Tajik star breaks post-Taliban silence and rocks Afghan fans -

Tajik star breaks post-Taliban silence and rocks Afghan fans
21.01.2006 To excited cheers and applause, Tajik singer Maniza Daulat launched a series of concerts in Afghanistan this week, becoming the first female singer to take to the stage in this war-shattered country in more than a decade.

Maniza wowed a crowd of about 1,500 male fans who squeezed into a hall in Kabul Thursday for an opening night that took place under heavy security because of fears of attacks by insurgents.

The sultry Tajik star tested the audience in this deeply conservative Islamic country by kicking off with a slow song about her father for which she wore a long black robe and head scarf and barely moved.

Encouraged by the positive response, she changed into tight, Western-style jeans and uncovered her hair -- still rare among Afghan women in public -- for more up-tempo numbers which also had her dancing across the stage.

The concert was the first in a series planned for the capital and the northern city of Mazar-i-Sharif that many said showed Afghanistan was moving away from the its fundamentalist past, which included five years of Taliban rule.

"It is great to be here," 42-year-old electrical engineer Sediq Saleh told AFP. "It brings me hope that we are stepping back towards normal after long years of tyranny and war.

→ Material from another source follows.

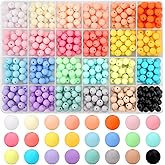 600Pcs 8mm Candy Color Matte Acrylic Round Beads, 24 Colors Assorted Plastic Bubble Gum Beads with Hole Loose Beads Bulk for Bracelets Necklace Jewelry Making DIY Crafts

"This concert reminds me of the old days when Tajik bands would come to Afghanistan to play and strengthen the cultural bonds between two Islamic countries who speak the same language," he said.

While the event was a major challenge to the boundaries of acceptability here, it also proved that the conflict-ridden country still has a long way to go: there were no women watching one of the biggest female stars to ever visit Afghanistan.

Four years after the fall of the extremist Taliban regime that forbade females from leaving their homes without the head-to-toe burqa and a male relative, Afghan women seldom attend public events like concerts.

It is even rare for women in this patriarchal society to go to one of the capital's several cinemas.

Their reluctance is in part due to the lingering legacy of the ultra-Islamic Taliban and their fundamentalist mujahedin predecessors who still have some pockets of public support.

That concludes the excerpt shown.